● TASK DIRECTIONS: Write the data out in full and word for word. Do not include images.
┄┄┄┄┄┄
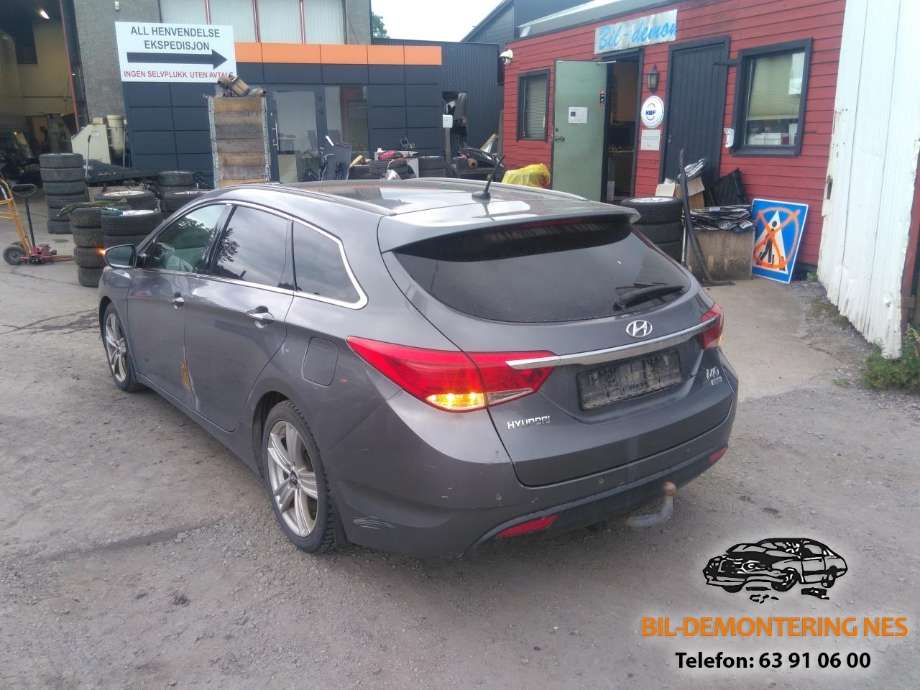 Hyundai i40 2012-2017 , Motorkode: D4FD, Girkassekode: 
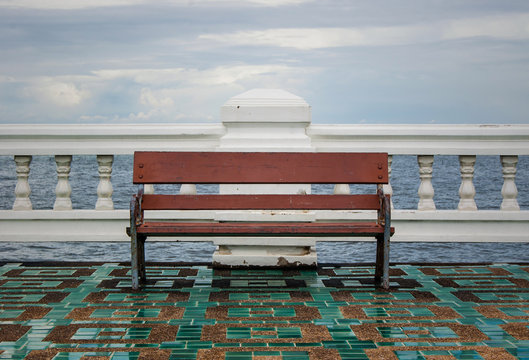 brown chair breakpoint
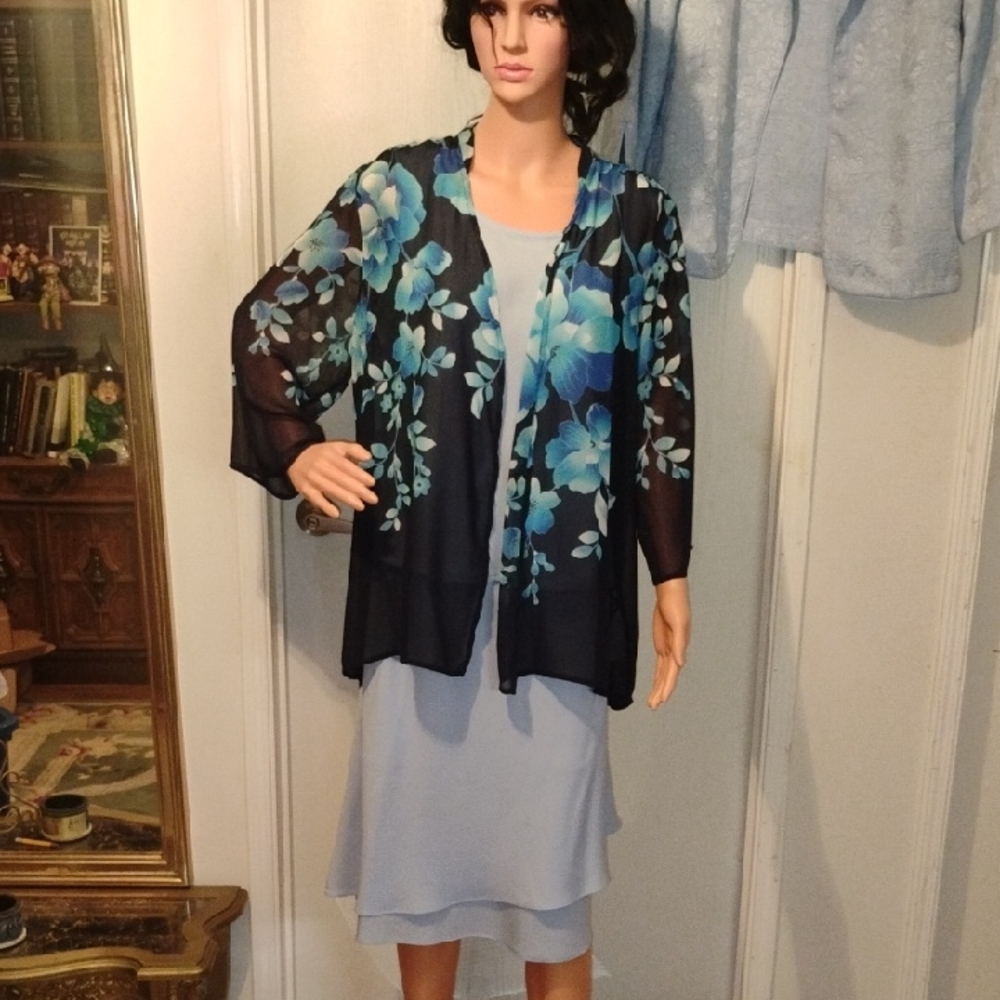 Sag Harbor Blue Floral Sheer Kimono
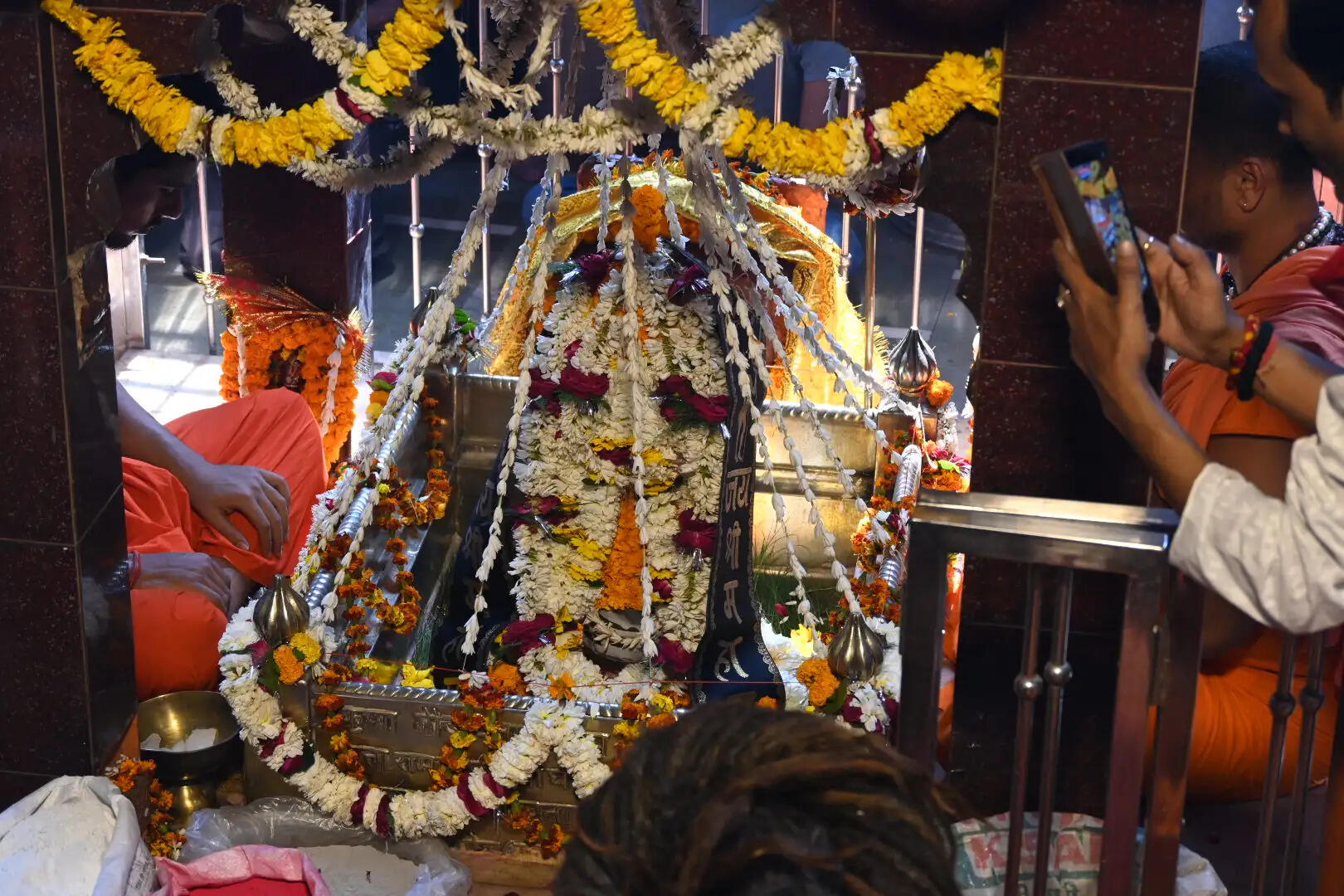 मणिकर्णिका घाट पर खेली गई चिता भस्म की होली, उमड़े काशीवासी, विदेशी सैलानी भी बने अनूठे उत्सव के साक्षी&nbsp;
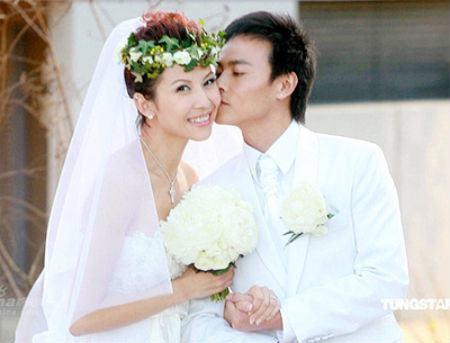 Vợ chồng Thái Thiếu Phân kỷ niệm ngày cưới trong xa cách 1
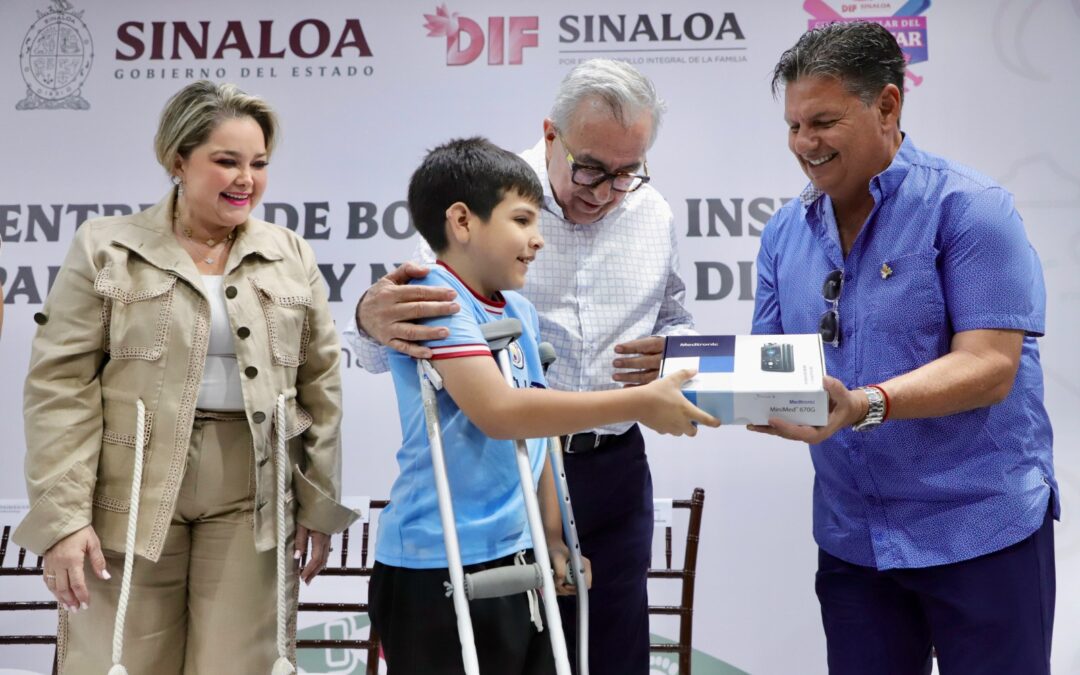 Venados de Mazatlán hace presencia en la entrega de bombas de insulina para niños con diabetes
┄┄┄┄┄┄
● SOLUTION FOR THIS PROBLEM:
 Hyundai i40 2012-2017 , Motorkode: D4FD, Girkassekode: 
 brown chair breakpoint
 Sag Harbor Blue Floral Sheer Kimono
 मणिकर्णिका घाट पर खेली गई चिता भस्म की होली, उमड़े काशीवासी, विदेशी सैलानी भी बने अनूठे उत्सव के साक्षी&nbsp;
 Vợ chồng Thái Thiếu Phân kỷ niệm ngày cưới trong xa cách 1
 Venados de Mazatlán hace presencia en la entrega de bombas de insulina para niños con diabetes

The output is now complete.